В рецензиях была отмечена "приспособившаяся" к автору манера режиссера, отказавшегося от привычных для своей художественной системы новаций. И хотя это не было поставлено в заслугу Мейерхольду, однако рецензенты все же сочли, что его усилия спасли пьесу от провала. По крайней мере, эпизод знаменитого "собрания" участников Зеленого кольца во втором акте был признан впечатляющим именно за счет "удачного размещения" на сцене "действующих лиц" (Петроградская газета. 1915. 18 февр. No 48). На постановку в Художественном театре отозвался рецензией В. Волин (Театральная газета. 1916. 25 дек. No 52).
С. 96 Гамсун, Кнут (настоящая фамилия Педерсен, 1859-1952) - норвежский прозаик и драматург, выразитель импрессионистского направления в литературе, определившего стиль романов "Пан", "Виктория", "Голод". На русской сцене ставились его пьесы "Драма жизни", "У врат Царства", "Вечерняя заря". В 1920 г. получил Нобелевскую премию.
С. 99 Синдикализм - течение в рабочем движении, считавшее высшей формой организации трудящихся профсоюзы.
С. 102 Грановский Тимофей Николаевич (1813-1855) - русский историк, основоположник отечественной медиевистики, общественный деятель, глава московских западников.
С. 104 Гегель, Георг Вильгельм Фридрих (1770-1831) - немецкий философ, создатель теории диалектики, основанной на учении об объективном идеализме.

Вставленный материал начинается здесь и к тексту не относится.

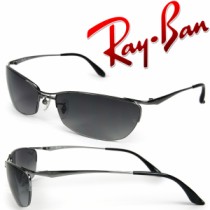 Ray-Ban - 新品正規品 レイバン RB3447 2991 ライトグレーレンズ ...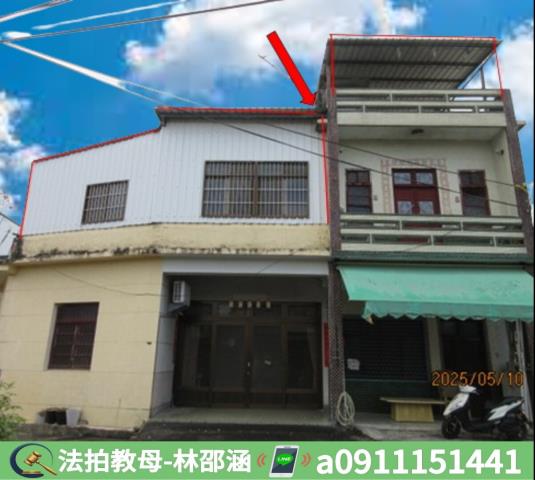 潮州透天_一樓法拍-3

С. 104 Стриндберг, Юхан Август (1849-1912) - шведский писатель, драматург, автор символико-натуралистических произведений - пьес "Отец", "Фрекен Юлия", романов "Красная комната" и др.

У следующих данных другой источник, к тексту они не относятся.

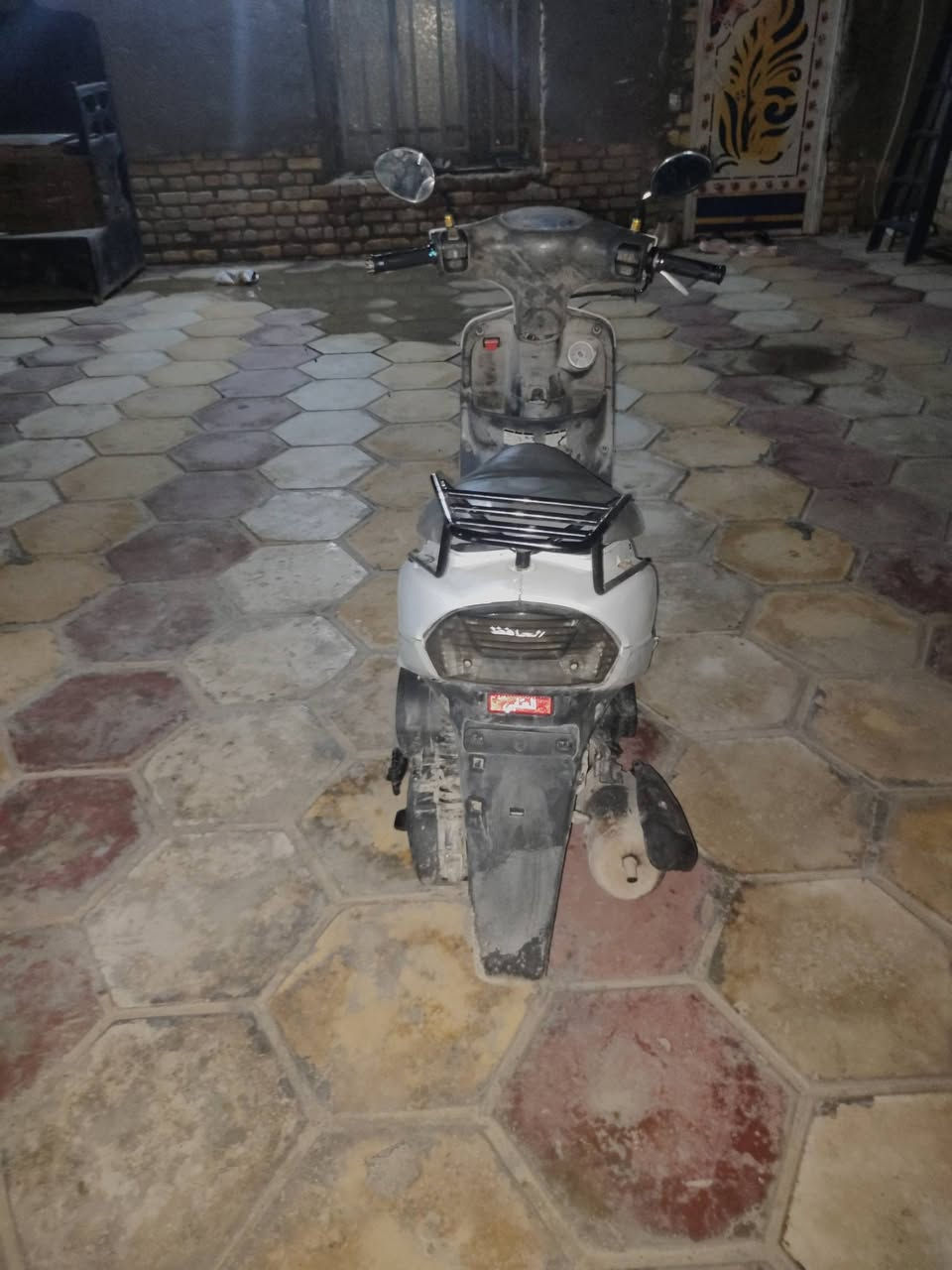 ماكس منغولي
بوشه 49 ابلاد الماكينه مفتوحه 
للبيع او مراوس بكير حسب النظافه اذا اطي فرق 
السعر 475 ناصريه مركز 
***********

...сторонники мирового круговращения... - Возможно, имеется в виду теория О. Шпенглера (1880-1936) о циклическом движении культуры и истории, впоследствии целостно представленная им в книге "Закат Европы" (1918-1922). Также в рассуждениях участников спора улавливаются отзвуки учения Вл. Соловьева об историческом процессе, который вступил в новую убыстренную фазу, знаменующую собой победу добра и воссоединение мировой души с Первосущим. Кроме того, о переходе критической фазы культуры в органическую много говорили в символистских кругах.

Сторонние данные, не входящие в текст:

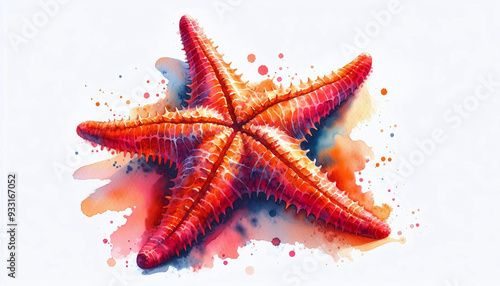 starfish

...идея творческой эволюции... - Вероятно, подразумеваются идеи французского философа А. Бергсона (1859-1941), выдвинутые им в книге "Творческая эволюция" (1903), где обосновывалась новая в западной философии идея: жизнь - такая же вечная составляющая бытия, как материя и дух.
Андреев - Леонид Николаевич Андреев (1871-1919), писатель, драматург, публицист, автор произведений, отразивших трагическое умонастроение эпохи.
...который "Санина" написал? - Арцыбашев Михаил Петрович (1878-1927) - писатель, представитель русского неонатурализма. Роман "Санин" (1907) считался манифестом естественного проявления чувств, раскованного поведения, воспринимался как квинтэссенция эротического раскрепощения личности.
Писемский Алексей Феофилактович (1821-1881) - писатель реалистического направления, автор знаменитого романа "Тысяча душ" (1853-1858) о провинциальной и столичной России. В начале XX века его творчество воспринималось как несколько устарелое.
Бенедиктов Владимир Георгиевич (1807-1873) - поэт, переводчик, в 30-е годы XIX в. считался "соперником" А. С. Пушкина в поэтической области.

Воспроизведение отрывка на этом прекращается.